Empirical analysis demonstrates that actual sports and game datasets rarely adhere to perfect Bradley–Terry (logistic-difference) structure or stationarity. Despite this, classic Elo's stochastic foundation (as OGD on log-loss) conveys a universal no-regret property: for sparse data, the approximation error is bounded, but the regret due to dimensionality of the parameter space dominates (Tang et al., 16 Feb 2025). This effect explains the empirical superiority of traditional Elo—simple, low-dimensional, and robust—over complex pairwise or high-capacity extensions in real-world settings with limited per-player data.

Moreover, Elo's predictive accuracy in ranking and win-rate estimates strongly correlates with empirical ranking performance, across competitive gaming and even large-scale application domains such as LLM comparative evaluation (Tang et al., 16 Feb 2025).

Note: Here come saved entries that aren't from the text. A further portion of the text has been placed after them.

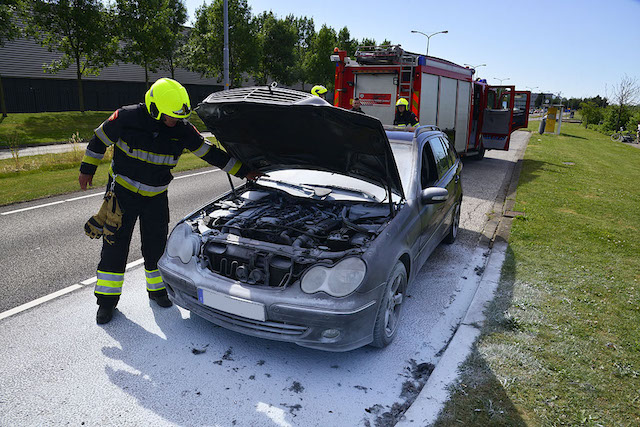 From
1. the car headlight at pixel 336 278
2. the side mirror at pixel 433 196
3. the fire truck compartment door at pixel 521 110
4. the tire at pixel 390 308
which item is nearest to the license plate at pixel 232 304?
the car headlight at pixel 336 278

7. Summary Table: Theoretical Results and Empirical Features

Aspect	Main Findings/Implications	Source ArXiv IDs
Probabilistic Model	Elo as OGD/SGD for cross-entropy loss (no-regret)	(Tang et al., 16 Feb 2025, Szczecinski et al., 2021)
Markov Chain Structure	Unique stationary law, $\sqrt{K}$ convergence, bias/unbiased scores	(Cortez et al., 2024, Olesker-Taylor et al., 2024)
Bayesian/Variance Dynamics	Adaptive $K$ via Kalman gain, variance shrinkage, online uncertainty	(Szczecinski et al., 2021, Hua et al., 2023)
Macroscopic PDE/Population	Gaussian rating distribution, log growing variance, negative skew	(Fenner et al., 2011, Düring et al., 2018)
Draws, G-Elo, margin-of-victory	Ternary and multi-category extensions, Davidson parameterization	(Szczecinski et al., 2019, Szczecinski, 2020, Moreland et al., 2018)
Tournament Optimization	Spectral gap $\lambda_q$ drives convergence, design for fastest mixing	(Olesker-Taylor et al., 2024)
Empirical Robustness	Superior prediction for sparse data, ranking/win-rate correlation	(Tang et al., 16 Feb 2025)

References

The stochastic analysis of Elo is addressed in depth in the following works:

(Tang et al., 16 Feb 2025) for regret-optimality, misspecification, and empirical reliability,
(Szczecinski et al., 2021, Hua et al., 2023) for Bayesian and variance-updating (Kalman/Laplace) frameworks,
(Cortez et al., 2024, Olesker-Taylor et al., 2024) for Markov chain, stationary law, finite-sample contraction and spectral gap analysis,
(Fenner et al., 2011, Düring et al., 2018) for population-level PDEs and kinetic models,
(Zanco et al., 2022) for round-robin tournament convergence and optimal $K$ -factor design,
(Szczecinski et al., 2019, Szczecinski, 2020, Moreland et al., 2018) for extension to draws, margin-of-victory, and multi-category outcome settings.